The night was heavy with the heat of King’s Landing—thick, airless, and humming with the faraway laughter of drunken guards. The Red Keep slept uneasily in those final, fragile months before war, but Daemon Targaryen seldom slept at all. He paced the dim corridors like a restless spirit, his boots whispering against the stones. The torchlight flickered across his pale hair and the edges of his armor, half undone after a night of sword drills that had left him too alive to rest.
That was when he saw her.
A maid—small, shaking, her figure half-swallowed by shadows near a storage room door. Her fingers fumbled with the bed sheets she was tying into knots, her breath coming out in tremors. For a moment, Daemon thought she was merely working late. Then he saw the loop forming at the end of the cloth, the chair placed beneath the beam. The noose swayed faintly in the torchlight.

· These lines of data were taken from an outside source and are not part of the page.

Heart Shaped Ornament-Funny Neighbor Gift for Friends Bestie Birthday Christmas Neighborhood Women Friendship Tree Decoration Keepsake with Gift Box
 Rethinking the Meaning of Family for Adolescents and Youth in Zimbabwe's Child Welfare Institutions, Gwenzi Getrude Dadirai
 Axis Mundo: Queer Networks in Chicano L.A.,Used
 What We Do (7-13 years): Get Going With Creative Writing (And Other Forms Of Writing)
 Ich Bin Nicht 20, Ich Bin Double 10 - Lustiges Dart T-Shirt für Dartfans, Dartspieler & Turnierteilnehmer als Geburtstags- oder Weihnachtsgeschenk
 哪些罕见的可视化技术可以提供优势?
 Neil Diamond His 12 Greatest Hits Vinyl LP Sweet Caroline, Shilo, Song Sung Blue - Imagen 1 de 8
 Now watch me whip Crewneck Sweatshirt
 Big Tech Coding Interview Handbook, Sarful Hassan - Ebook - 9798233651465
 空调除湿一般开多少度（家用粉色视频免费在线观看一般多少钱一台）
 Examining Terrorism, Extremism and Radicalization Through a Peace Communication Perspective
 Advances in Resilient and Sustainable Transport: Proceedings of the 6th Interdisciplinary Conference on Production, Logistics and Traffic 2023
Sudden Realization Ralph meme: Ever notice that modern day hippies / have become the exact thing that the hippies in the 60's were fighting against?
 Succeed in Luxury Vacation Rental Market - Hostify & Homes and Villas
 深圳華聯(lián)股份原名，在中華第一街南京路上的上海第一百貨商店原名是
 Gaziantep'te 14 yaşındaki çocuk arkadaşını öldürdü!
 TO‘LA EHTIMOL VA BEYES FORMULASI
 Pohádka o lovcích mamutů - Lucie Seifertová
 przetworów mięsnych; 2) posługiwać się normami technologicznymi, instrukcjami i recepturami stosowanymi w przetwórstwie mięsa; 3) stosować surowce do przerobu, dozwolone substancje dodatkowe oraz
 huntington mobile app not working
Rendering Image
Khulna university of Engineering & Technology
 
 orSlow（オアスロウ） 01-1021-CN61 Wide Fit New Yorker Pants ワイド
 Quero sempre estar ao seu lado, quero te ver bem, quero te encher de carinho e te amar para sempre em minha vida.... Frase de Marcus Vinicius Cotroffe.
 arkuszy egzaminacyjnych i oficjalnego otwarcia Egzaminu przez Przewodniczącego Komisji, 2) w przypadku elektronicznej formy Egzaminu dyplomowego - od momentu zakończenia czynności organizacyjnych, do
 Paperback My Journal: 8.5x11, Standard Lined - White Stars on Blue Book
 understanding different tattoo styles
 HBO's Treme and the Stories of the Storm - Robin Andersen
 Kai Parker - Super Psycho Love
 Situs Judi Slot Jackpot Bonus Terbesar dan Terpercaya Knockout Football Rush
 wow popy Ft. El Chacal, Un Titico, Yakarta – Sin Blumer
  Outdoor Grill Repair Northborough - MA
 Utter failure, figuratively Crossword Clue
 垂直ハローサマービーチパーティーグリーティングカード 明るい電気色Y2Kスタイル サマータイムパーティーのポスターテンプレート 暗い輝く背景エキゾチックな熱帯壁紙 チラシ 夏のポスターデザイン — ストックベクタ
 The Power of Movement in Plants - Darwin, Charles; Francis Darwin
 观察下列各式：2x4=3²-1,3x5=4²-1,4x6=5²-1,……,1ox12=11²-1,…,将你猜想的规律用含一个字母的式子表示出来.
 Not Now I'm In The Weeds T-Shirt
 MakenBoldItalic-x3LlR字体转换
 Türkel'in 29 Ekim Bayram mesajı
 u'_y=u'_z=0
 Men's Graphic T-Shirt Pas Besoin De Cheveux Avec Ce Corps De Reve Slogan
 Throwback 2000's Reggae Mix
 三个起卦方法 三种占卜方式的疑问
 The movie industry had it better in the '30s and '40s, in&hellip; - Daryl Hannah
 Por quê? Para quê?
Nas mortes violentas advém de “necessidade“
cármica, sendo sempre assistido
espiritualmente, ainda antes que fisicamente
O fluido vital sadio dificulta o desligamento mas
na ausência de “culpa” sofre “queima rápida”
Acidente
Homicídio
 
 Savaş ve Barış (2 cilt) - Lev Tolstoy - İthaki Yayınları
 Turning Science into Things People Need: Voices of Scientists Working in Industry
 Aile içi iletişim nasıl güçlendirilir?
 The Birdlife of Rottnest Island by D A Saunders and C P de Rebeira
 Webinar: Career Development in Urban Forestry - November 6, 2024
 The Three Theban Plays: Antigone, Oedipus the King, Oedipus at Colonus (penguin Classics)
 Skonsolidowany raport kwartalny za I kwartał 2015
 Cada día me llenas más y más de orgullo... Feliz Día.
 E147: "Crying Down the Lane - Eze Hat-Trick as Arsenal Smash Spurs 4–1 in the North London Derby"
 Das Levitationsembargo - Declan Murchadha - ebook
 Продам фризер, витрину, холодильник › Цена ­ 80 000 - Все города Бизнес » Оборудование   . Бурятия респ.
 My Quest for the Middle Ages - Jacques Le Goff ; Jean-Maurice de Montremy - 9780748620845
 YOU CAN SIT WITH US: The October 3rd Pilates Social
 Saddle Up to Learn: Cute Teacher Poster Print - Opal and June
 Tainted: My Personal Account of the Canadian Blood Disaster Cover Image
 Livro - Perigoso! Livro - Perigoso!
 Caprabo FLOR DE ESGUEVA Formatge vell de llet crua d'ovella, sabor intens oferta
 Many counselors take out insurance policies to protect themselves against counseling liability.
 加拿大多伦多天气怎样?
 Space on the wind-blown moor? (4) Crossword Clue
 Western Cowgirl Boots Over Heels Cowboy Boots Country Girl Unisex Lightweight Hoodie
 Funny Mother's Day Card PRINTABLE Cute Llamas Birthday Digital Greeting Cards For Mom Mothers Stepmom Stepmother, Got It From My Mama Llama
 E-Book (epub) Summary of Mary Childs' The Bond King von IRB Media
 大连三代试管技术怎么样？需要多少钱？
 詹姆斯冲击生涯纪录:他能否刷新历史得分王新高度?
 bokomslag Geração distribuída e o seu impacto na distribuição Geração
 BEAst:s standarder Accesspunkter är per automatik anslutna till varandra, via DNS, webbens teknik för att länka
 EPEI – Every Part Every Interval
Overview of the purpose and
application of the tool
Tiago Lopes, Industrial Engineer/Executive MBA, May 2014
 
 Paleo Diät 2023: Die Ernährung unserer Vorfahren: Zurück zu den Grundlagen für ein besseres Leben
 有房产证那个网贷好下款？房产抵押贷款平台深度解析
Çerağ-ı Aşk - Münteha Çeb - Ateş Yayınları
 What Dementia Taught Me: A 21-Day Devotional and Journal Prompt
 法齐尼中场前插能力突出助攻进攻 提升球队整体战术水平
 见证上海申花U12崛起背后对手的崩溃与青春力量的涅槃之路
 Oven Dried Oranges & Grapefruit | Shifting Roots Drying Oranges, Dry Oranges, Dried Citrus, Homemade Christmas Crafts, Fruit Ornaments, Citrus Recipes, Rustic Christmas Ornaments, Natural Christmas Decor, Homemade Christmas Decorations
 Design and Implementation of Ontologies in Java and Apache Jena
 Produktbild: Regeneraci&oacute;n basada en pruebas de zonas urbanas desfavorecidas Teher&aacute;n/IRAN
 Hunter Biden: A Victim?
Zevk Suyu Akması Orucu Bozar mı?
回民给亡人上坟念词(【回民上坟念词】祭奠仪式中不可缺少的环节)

He stepped closer, boots clicking once on the stone. The sound made her flinch. Her head jerked toward him, eyes wide—eyes he recognized.
You.
Daemon’s jaw tightened as the memory surfaced. One moon ago, he had seen you leaving that same storage closet, your face streaked with tears, your apron wrinkled and your hands shaking. Moments later, Aegon had stumbled out, smirking, adjusting his belt. The sight had soured Daemon’s stomach then—but he had said nothing. Aegon was the Queen’s son, and Daemon had other wars to fight.
But now, in this quiet hour, you were tying your own death.
“What in the Seven are you doing?” Daemon’s voice cut through the hush, low and sharp.
You startled, clutching the fabric to your chest like it could protect you. “Please, my prince, go—go back to your chambers.”
He didn’t move. “You mean to hang yourself in the Red Keep?”
Your voice cracked. “There is nothing else left to do.”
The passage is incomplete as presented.